Sylvie Guillem: "Push" and "6000 Miles Away" -
Melbourne Festival -
Her Majesty's Theatre, Melbourne, 23 and 27 October -
A body moving in space is all you need if it is such a body. Certainly this is the case with Sylvie Guillem. In two programs for the Melbourne Festival, Guillem asserted her technical and interpretive supremacy. "Push" is choreographed by Russell Maliphant, who also partners Guillem, while "6000 Miles Away" is a triple bill of legendary contemporary choreographers, Jiri Kylian, William Forsythe and Mats Ek.
Maggie Tonkin reviewed "6000 Miles Away" for Dance Australia in March when it was presented at the Adelaide Festival. Read Maggie's review here. I would like to add only to Maggie's review by saying that, for me, Kylian's work registered beautiful subtlety and emotional charge in the dancing by Aurelie Cayla and Kenta Korjiri (Vaclav Kunes and Natasa Novotna were seen in Adelaide). Forsythe's Rearray is, indeed, a masterpiece.
"Push" was the stronger of the two programs for its coherence. It comprises three solos in the first half, followed by a duet after an interval. The solos work as a suite of meditations, foregrounding particular aspects of the dancers' artistry and drawing attention to particular articulations of their bodies. Guillem performs two of Maliphant's solos. The first is set to the Flamenco-influenced music of Carlos Montoya and its hard-edged and dramatic quality contrasts with Guillem's liquid leg extensions, effortless flow of movement, and gentle coolness. Guillem travels through and across the musical score rather than with it. There is an aloofness that suits the music but mainly they feel like separate entities that have met by chance. Lighting intensifies a feeling of detachment as the face is seldom revealed in light.
The second of Guillem's solos refocuses attention from the legs and torso to the upper body. Again lighting is employed, this time to illuminate the musculature of her back and shoulders. Facing the audience, she bends forward deeply, arm extended above and behind her shoulder-line. Movements begin in a slow, mesmerising sequence of repetitions. As the music increases in rhythmic intensity, the dance responds by driving Guillem into a dynamic maelstrom of swirling arms and dramatic leg kicks. Control and flow combine once more with cool intensity.

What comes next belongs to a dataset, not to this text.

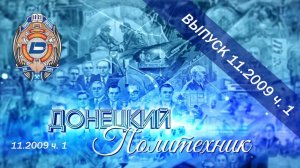 11.2009 ч. 1  Донецкий политехник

Maliphant's solo Shift is the middle work and is extremely interesting and hypnotic. It is an exercise in subtlety, using slight movements of the head, bends of knees and twists of the torso to travel through a meditative landscape that expands to include giant projected shadows of the dancer, transforming it into a perfectly synchronous duet, then a trio. This device draws attention to minute shifts in detail and also to the differences between the real, solidly corporeal, and the illusory. The solo builds to incorporate more dramatic martial-arts-like kicks and spins.
The denouement of the program is the duet, Push. Its opening sequences are a series of short episodes that trace the journey of a lift from its peak to the floor. These commence in darkness and dissolve back into darkness. While supported by Maliphant, Guillem folds backwards, her head toward the floor, in line with his extended leg line. Guillem is gently cradled and placed to the floor. The series continues with twining, circularity and with poses held at angles from Maliphant's central supporting body. The shapes are sculptural and exquisitely controlled.
The dance modulates into a section including some weightless runs and swift turns and then one in which the partners explore the tensions of counterbalance and giving over weight to the other. More fitful movements follow with varied phrasing and suspensions. Guillem winds herself across Maliphant's body, their bodies fold over one another.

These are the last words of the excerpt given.